Using a type family with a flat hierarchy rooted in a curve ZST makes it semantically clear that code is generic over curves, gives you a single type to be generic over which semantically makes sense in that role, makes it significantly easier to locate any given type, eliminates redundancies by having one place you can go for any associated type, and defining the type relationships in bounds on the associated types dramatically reduces the where bounds that have to be manually notated.

Having simple where bounds for algorithms implemented generically over curves is one of the core design goals of the existing CurveArithmetic trait. In most places where C: CurveArithmetic suffices, and brings in the full functionality of group in addition to all of the additional traits elliptic-curve defines. It was designed this way because those manually written where bounds are viral and have to be repeated all over the place as Rust currently lacks abstractions for reducing the boilerplate, other than designing your type family in a way the bounds are on the associated types or supertraits instead and don't need to be manually notated.

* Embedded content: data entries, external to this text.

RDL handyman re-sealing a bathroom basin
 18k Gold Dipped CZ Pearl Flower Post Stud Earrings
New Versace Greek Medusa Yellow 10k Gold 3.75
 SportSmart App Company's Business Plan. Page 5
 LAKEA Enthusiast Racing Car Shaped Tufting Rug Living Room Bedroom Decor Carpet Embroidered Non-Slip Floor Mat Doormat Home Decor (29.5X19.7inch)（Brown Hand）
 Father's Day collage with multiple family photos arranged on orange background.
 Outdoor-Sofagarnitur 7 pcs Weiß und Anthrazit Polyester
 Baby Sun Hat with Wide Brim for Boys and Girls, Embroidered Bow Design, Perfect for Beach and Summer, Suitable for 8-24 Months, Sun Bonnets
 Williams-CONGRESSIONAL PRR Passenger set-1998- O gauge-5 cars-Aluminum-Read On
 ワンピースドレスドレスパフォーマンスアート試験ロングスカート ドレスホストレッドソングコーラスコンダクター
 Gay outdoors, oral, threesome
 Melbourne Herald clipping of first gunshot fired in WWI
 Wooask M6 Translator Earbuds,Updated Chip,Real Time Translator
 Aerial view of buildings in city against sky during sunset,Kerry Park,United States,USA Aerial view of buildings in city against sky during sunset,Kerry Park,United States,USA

This makes what you're proposing a problematic change for a couple reasons. Anyone who has ever implemented or used an algorithm generically over multiple elliptic curves will now need to update all of their where bounds as it's a breaking change. Simply dropping in Group or Group + AffineCoordinates is unlikely to work in most cases. Implementers of algorithms will need to figure out the precise bounds they need based on the arithmetic ops they're using. Downstream users will need to change the bounds in their generic code in kind. And if someone decides to use some operation that isn't in Group like LinearCombination in the future, their bounds change, and anywhere they've virally spread needs to be updated.

I am generally opposed to making those bounds more complicated and worried what you're proposing would make them significantly more complicated. We have tried very hard to make them as simple as possible.

[tarcieri]

I think the solution to the main complaints in this PR is #1900. Though that may not make it into elliptic-curve v0.14.

We are not going to get rid of traits defined by elliptic-curve for curve arithmetic entirely, or ask everyone to tediously notate every generic algorithm implementation with the specific traits they used for a specific function. Being able to bound on C: CurveArithmetic alone is by design to keep the bounds manageable and enable generic implementations where you spend your time working on the algorithm, rather than notating bounds.

The "suite of types" approach to identifying curve-specific types prevents duplication as has been seen in group, and enables "generic over curves" algorithms without asking the API designers to choose between curve points or scalars as the generic type, especially because cases arise where the type needed for a generic parameter wouldn't make sense in context, as has been noted above.